• Work task
The full listing below should be copied verbatim.

• Data
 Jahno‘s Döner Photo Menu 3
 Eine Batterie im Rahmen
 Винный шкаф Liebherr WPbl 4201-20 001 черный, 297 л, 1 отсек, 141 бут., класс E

• Solution to this problem
 Jahno‘s Döner Photo Menu 3
 Eine Batterie im Rahmen
 Винный шкаф Liebherr WPbl 4201-20 001 черный, 297 л, 1 отсек, 141 бут., класс E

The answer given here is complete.